In this figure 1A body 102 includes a built-in speaker 103. A built-in amplifier (not shown in the figure) may be housed within body 102 and powered by (optionally rechargeable) batteries also housed within body 102. Optionally, an electrical connector or connectors (not seen herein) connects the pickup cassette 107 with the built-in amplifier within body 102. Such a connection may be a USB cable connecting the pickup cassette 107 to the amplifier section. Alternatively, an analog wire connection may be used. Alternatively, a wireless connection such as Bluetooth may be used.

Additionally or alternatively, a conventional external amplifier may be connected with an amplifier cord 104. Optionally, additionally, or alternatively, an external amplifier may be connected wirelessly using WiFi, Bluetooth, or other wireless protocols. The wireless communication device (not seen here) may be integrated into body 102 or may be formed as a dongle inserted into a mating jack. The wireless connection may also be indirect. For example, the wireless or wired connection may not be directly or at all connected to an amplifier. For example, signals from the pickup cassette may be directed to a smart-phone and from the smart phone the signals may be communicated to an amplifier or be played by other means available from the smartphone or may be recorded or may be processed and then played or recorded. Instead of a smartphone, any other computerized or traditional audio device may be used.

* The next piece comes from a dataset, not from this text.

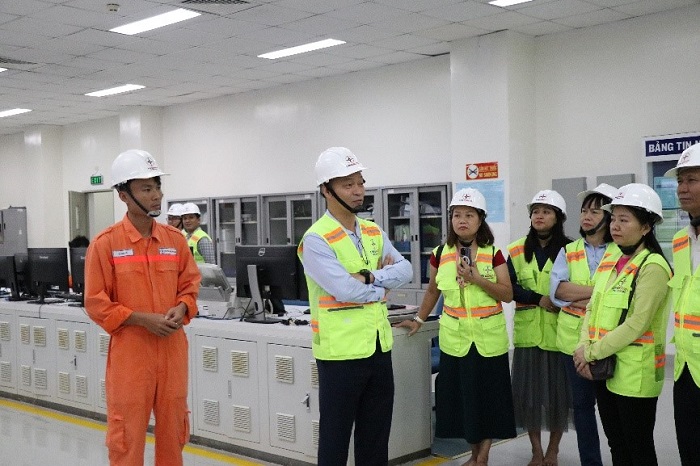 Công ty Nhiệt điện Vĩnh Tân đón đoàn giảng viên, học viên của Học viện Chính trị Quốc gia Hồ Chí Minh - Học viện Chính trị khu vực II đến nghiên cứu thực tế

The core guitar 105 is the part that holds the strings (not seen in this figure) that stretch from the bridge 106, over the pickup cassette 107 and the neck 108 to the head 109.

As will be seen in the next figures, core guitar 105 may accept a variety of pickup cassette types 107. In the example depicted here, pickup cassette 107a has three rows of pickup sensors 112 and sound control dials 110 and pickup selector switch 111.

Figure IB schematically shows how a belt adaptor 102b is attached to the core guitar 105, and how a pickup cassette 107a is attached 117 to the core guitar 105 to form the modular guitar 100 according to an exemplary embodiment of the current disclosure.

In figure IB, the belt adaptor 102b is just a rudimentary body 102 having the simple shape to be used for anchoring a belt 101.

Figure 2 A schematically depicts the construction of the core guitar 105 according to exemplary embodiments of the current disclosure. Core guitar 105 comprises a core shell 201 which form the basic shape of the core guitar. Core shell 201 is made of plastic material. Plastic materials are being used for various parts of the modular guitar due to its low cost of material and manufacturing. Plastic may be formed by molding, stamping, or 3D printing as known in the art. ABS or PC (polycarbonate) are currently preferably used, but other type of plastic materials may also be used.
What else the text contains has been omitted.